The week kicked off Monday with the Sexual Assault Peer Educators Pilot Program, an open dialogue capped at 20 students.

“The focus of the event was on issues of consent, rape culture and being better allies to survivors,” TBTN Board member and SAPE member Sarah Rabon (COL ’16) wrote in an email. “This was the first event of its kind at Georgetown. Historically, SAPE trainings have been targeted to specific groups and not open to all students as this one was. It was great to see that students are interested in attending these events.”

Take Back the Night also hosted a movie watch of “My Masculinity Helps,” a documentary about how gender issues relate to sexual assault.

The organization also organized a candle-light vigil in the past to honor survivors’ experiences. In addition, “It Happens Here” honors the stories of sexual assault of Georgetown survivors by listening to anonymous stories.

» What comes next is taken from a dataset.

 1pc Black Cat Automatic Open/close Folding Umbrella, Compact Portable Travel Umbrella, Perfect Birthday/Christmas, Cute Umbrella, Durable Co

“It was an extremely powerful event. From the moment stories began being read, I think all of the attendees were speechless. I personally was struck by a particular trend I noted in the stories — a startling number of survivors would preface their stories with the disclaimer that they were not raped or sexually assaulted, but then would proceed to go into a story of how they were, in fact, assaulted,” Olivia Hinerfeld (SFS ’17) said. “This demonstrated to me that there seems to be a very prevalent culture of survivor shame on campus. Together, we need to make survivors feel empowered, rather than feel denial and embarrassment.”

The Georgetown Student Association and several students in the Georgetown community supported the event.

“This event shows GU students that even if you haven’t been personally affected, sexual assault does happen on this campus and we all have a role in helping to prevent it,” GUSA President Trevor Tezel (SFS ’15) said in a press release.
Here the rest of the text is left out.